Picongpu: runtime error on topic-collisions "illegal memory access"

Created on 13 Oct 2020  路  26Comments  路  Source: ComputationalRadiationPhysics/picongpu

got runtime error:

Unhandled exception of type 'St13runtime_error' with message '/home/paschk31/src/picongpu/thirdParty/cupla/alpaka/include/alpaka/event/EventUniformCudaHipRt.hpp(198) 'ret = ALPAKA_API_PREFIX(EventQuery)( event.m_spEventImpl->m_UniformCudaHipEvent)' returned error : 'cudaErrorIllegalAddress': 'an illegal memory access was encountered'!', terminating

occured while being on branch(@pordyna):
https://github.com/pordyna/picongpu/tree/topic-collisions

first made a simulation without the Collision.param, which went smoothly
then made a simulation with Collision.param, which gave the above error (param and cfg are identical to before)

already discussed with @n01r

All 26 comments

Thanks for reporting @paschk31 . Could you provide your exact setup: which commit was used, and which .param and .cfg files. We can enable some debug checks and that hopefully would give more info on what went wrong.

Edit: also, on which system did it happened. I assume one of Hemera partitions?

@sbastrakov yes like u guessed it happend on hemera5
commit: f2c450e1d5e934d065cb475a9fdceb2d1819893d
input set: input_collision.zip

actually the commit was: 491daef0e7f36894e1ade8cbd3d9cb8e7d633ab0

Okay, starting to look right now. What was the Hemera partition?

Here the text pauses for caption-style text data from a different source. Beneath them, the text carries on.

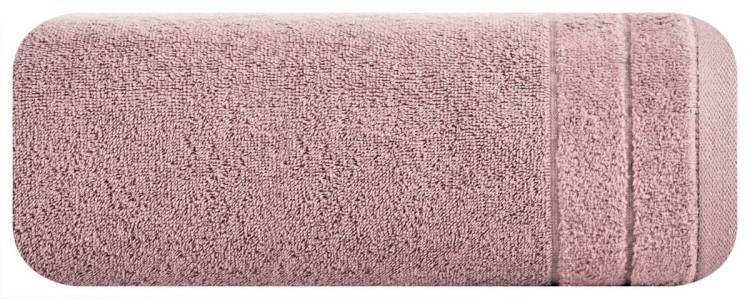 Ręcznik 30x50 500g 100% Bawełna Damla Liliowy Eurofirany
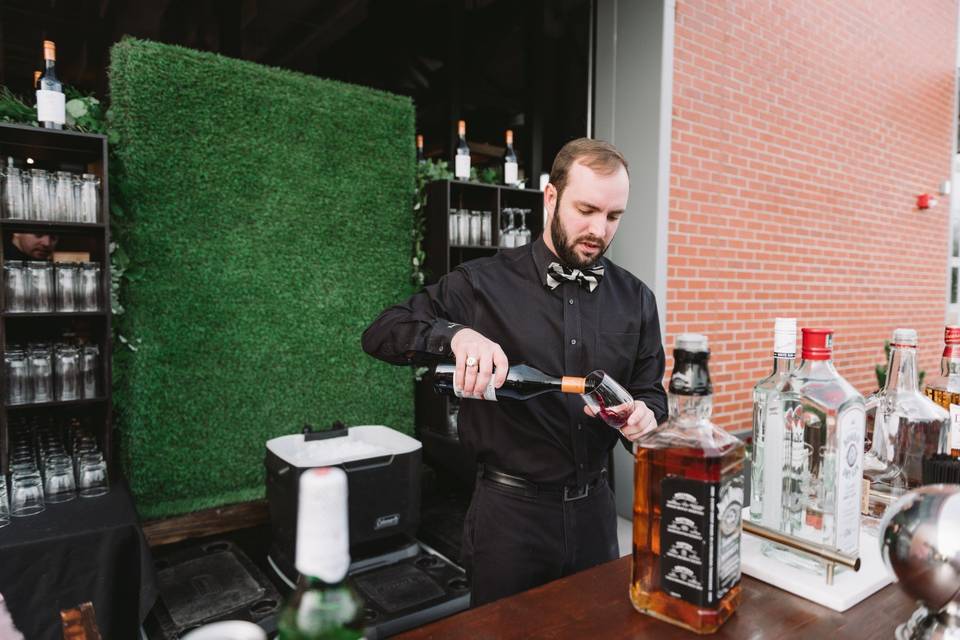 Twist Bartending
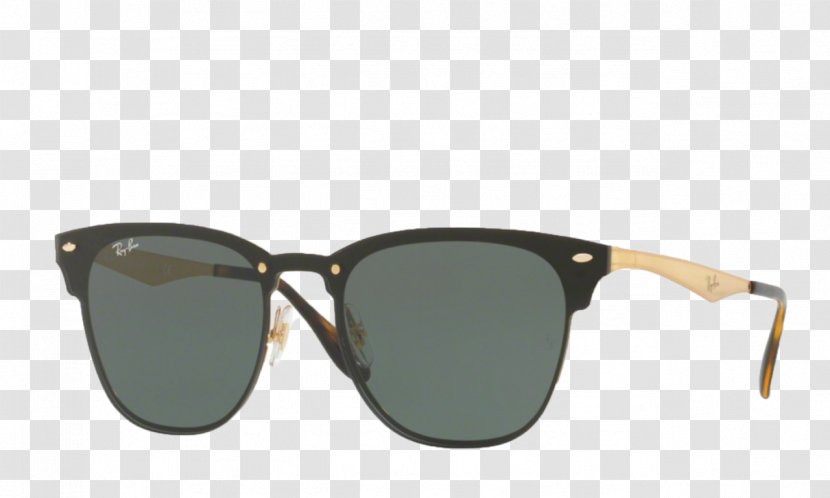 Ray-Ban Blaze Clubmaster Sunglasses Clothing Accessories - Trendyol Group - Ray Ban Transparent PNG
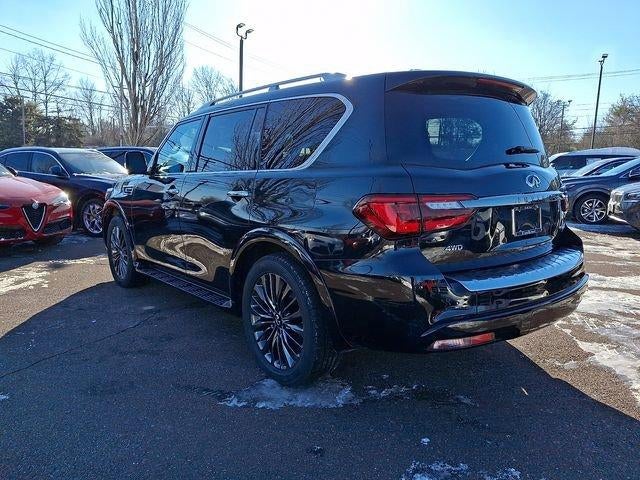 2024 INFINITI QX80 SENSORY AWD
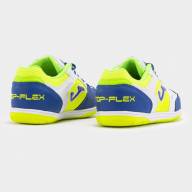 Обувь футбольная для зала JOMA TOP FLEX JR TPJW2402IN - Обувь футбольная для зала JOMA TOP FLEX JR TPJW2402IN
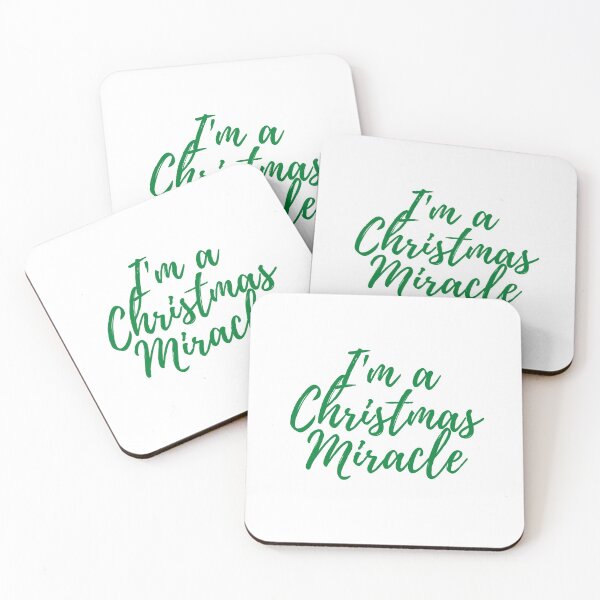 Item preview, Christmas miracle designed and sold by salvage203.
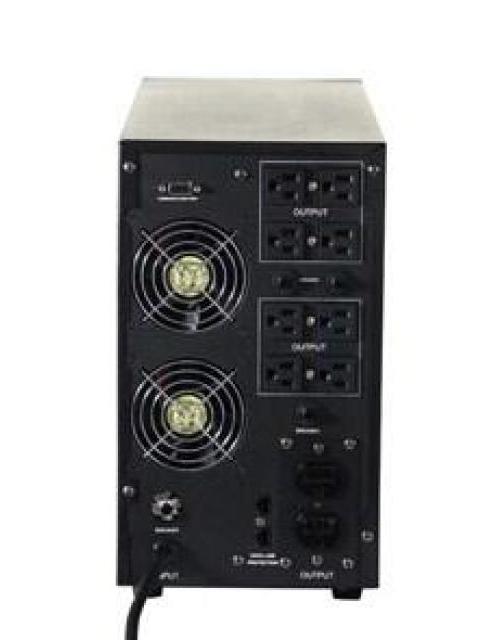 NO BREAK CDP UPO11-2AX DOBLE CONVERSION EN LINEA 2.000W 2.000VA ENTRADA 60V - 138V SALIDA 110V - 120V 8 SALIDAS - Imagen 7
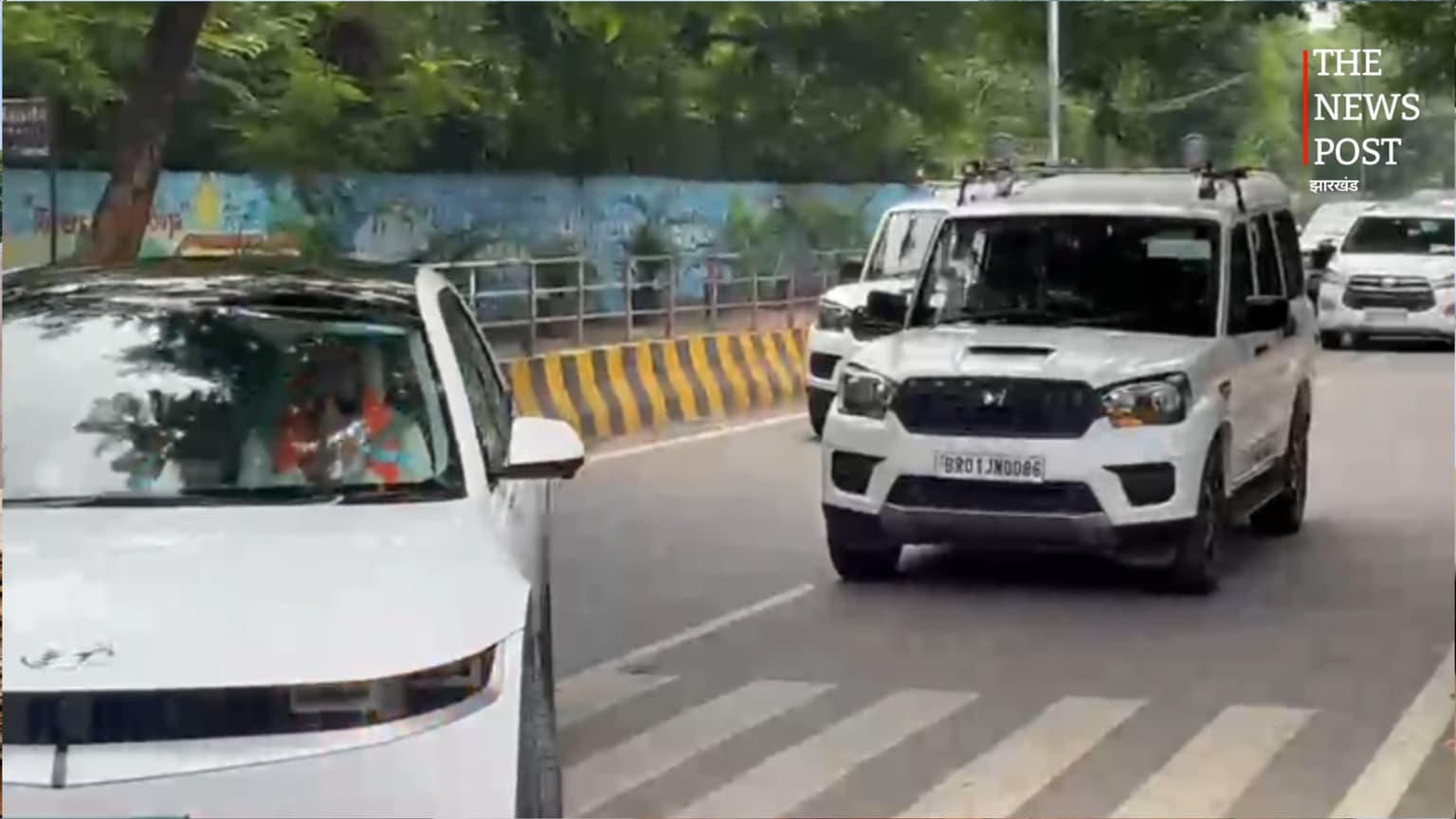 बिहार में बाढ़ का जायजा लेने पहुंचे शिवराज सिंह चौहान, प्रभावित इलाकों का करेंगे एरियल सर्वे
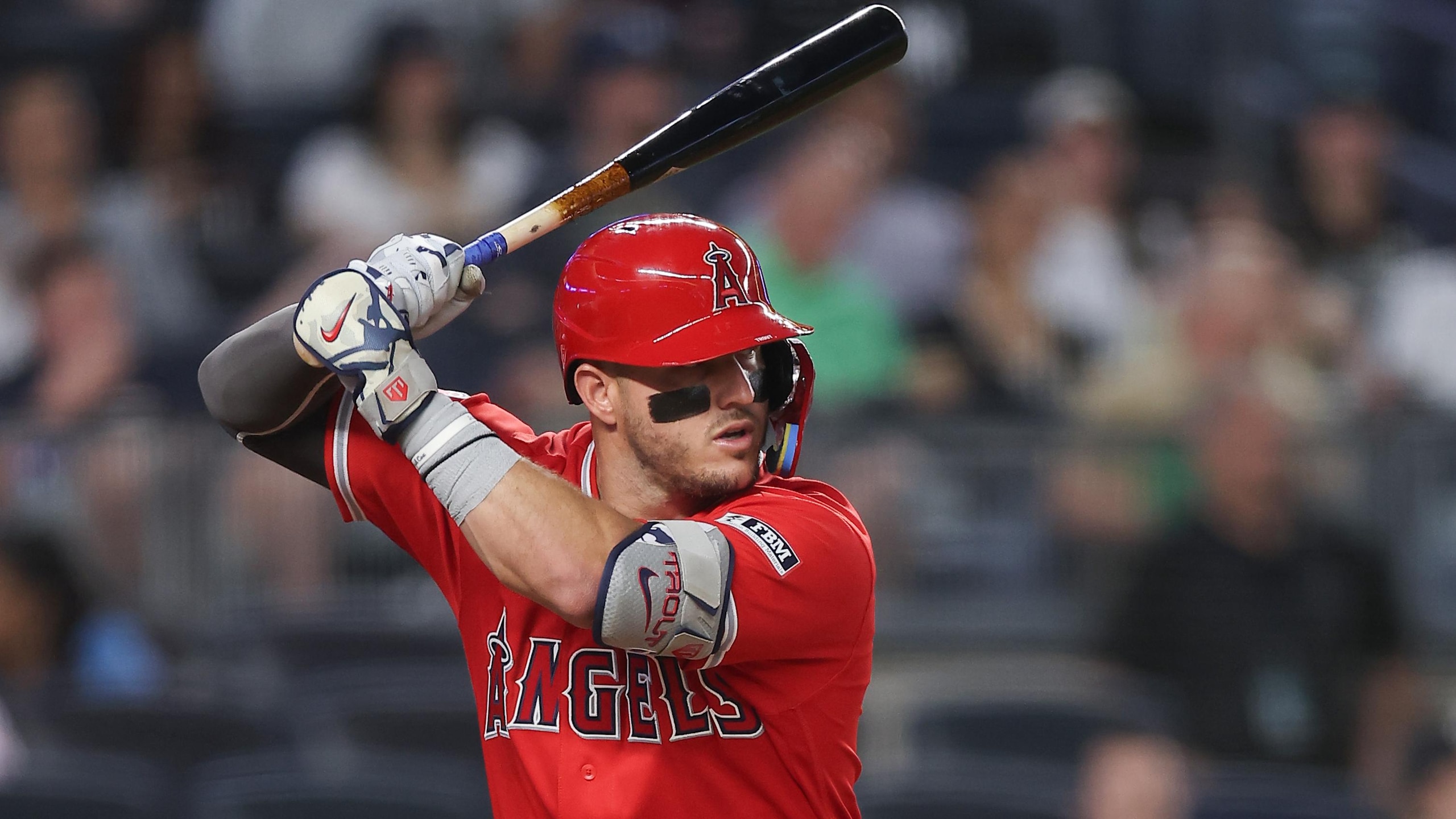 Los Angeles Angels v New York Yankees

It was gpu. We tried running it on k80 with a smaller box and less macro particles but it didn't help. I just tried LWFA on k20 with Ions, collisions on and got the same error. Now I'm trying LWFA again with a much smaller particle box.

These is the output with PMACC_BLOCKING_KERNEL=ON
stdout.txt
stderr.txt

These is the output with PMACC_BLOCKING_KERNEL=ON
stdout.txt
stderr.txt

locls like alpaka is catching the error before we xreate a nice error in pmacc.

Yes, looks the same for me. Generally, I think we should also make some more hierarchical PIConGPU error handling to e.g. know what stage failed and not just something failed.

If this is the case, it may be actually harmful for debugging? And so alpaka may need a similar mechanism or option to throw vs. print and throw? @psychocoderHPC

If this is the case, it may be actually harmful for debugging? And so alpaka may need a similar mechanism or option to throw vs. print and throw? @psychocoderHPC

Yes we need to catch the error and provide our message.

Sorry it took long, but with #3396 we should have more informative error messages when a crash happens inside of a kernel. This works only when the option PMACC_BLOCKING_KERNEL is enabled (which it should be for debugging), e.g. like pic-build -c "-DPMACC_BLOCKING_KERNEL=ON". I think you could already take these changes and put on the branch in question, it's all in one file.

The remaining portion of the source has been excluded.